Le rapport aux choses et aux gens s’en trouve modifié
Au quotidien, la liberté nait de l’absence de contraintes, peu ou prou de calendriers ou d’horaires à respecter. Parfois quelques bus se mettent pourtant au diapason de notre rythme d’escargots, des heures à attendre au bord de la route qu’ils passent ou veuillent bien redémarrer suite à la panne. S’abandonner, laisser couler, ou glisser entre ses doigts les grains du sablier, alangui dans la torpeur de la mousson thaïlandaise. Avons-nous réellement passé deux semaines à Kanchanaburi ? Ou encore 10 jours sur l’île de Pâques alors que la majorité des personnes n’y séjourne que trois petits jours ? Des journées à pédaler contre le vent pour faire le tour de l’île alors que nous aurions pu tout voir en une journée et en louant une voiture. Le rapport aux choses et aux gens s’en trouve modifié, et sommes ainsi plus réceptifs à ce qui nous entoure. Observer la vie quotidienne de Katmandou qui se déroule sous nos yeux depuis l’un des temples de Durbar Square restera comme l’un de nos meilleurs souvenirs. Postés en hauteur, nous observions le petit théâtre de la vie se dérouler à nos pieds. Véritables démiurges, nous inventions des dialogues, des histoires de vie à ces personnages, essayant de comprendre les tenants et les aboutissants des relations qui se nouaient et se dénouaient sur la place. Au regard extérieur, ces petits riens comme dirait Trondheim apparaissent dérisoires et comme une perte de temps. Nous n’avons pas été productifs, notre activité ne se mesure pas en temple ou en musée visités mais bien en rêveries produites. Nous aurions sans doute aimé que le voyage ne soit qu’une suite d ‘instants perdus de cette manière.

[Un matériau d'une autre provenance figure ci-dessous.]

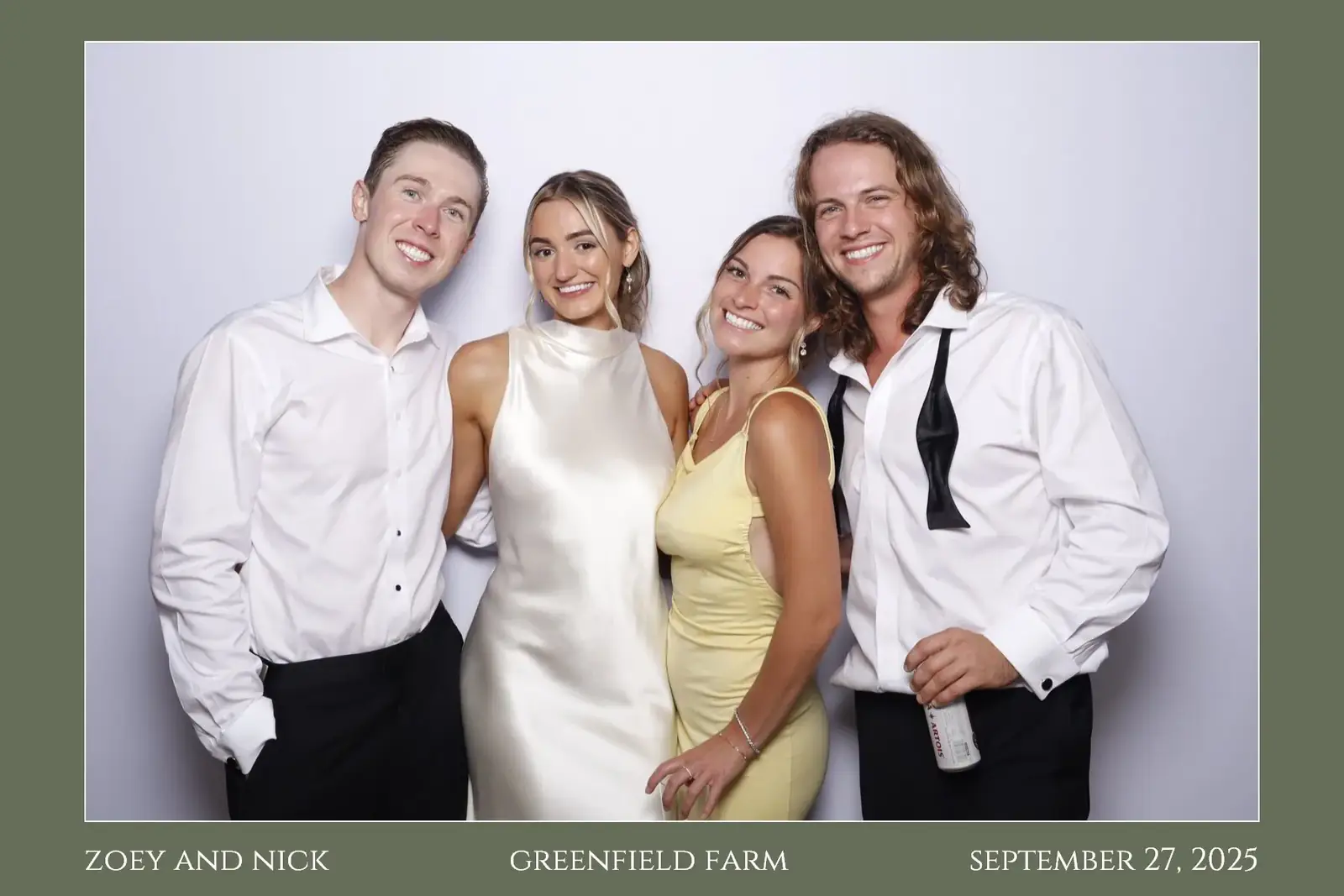 Wedding photo booth backdrop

L’alternative est aussi passée par une implication régulière dans des associations de protection de l’environnement, auprès d’une école française ou aussi au travers de tous ces réseaux sociaux de solidarité/entraide qui replace l’individu au centre des préoccupations. Nous reviendrons sans doute dans un autre article sur ce que nous ont apportées ces expériences mais pour revenir à l ‘élément déclencheur de ces quelques actions a été le fait de redevenir maitre de notre temps.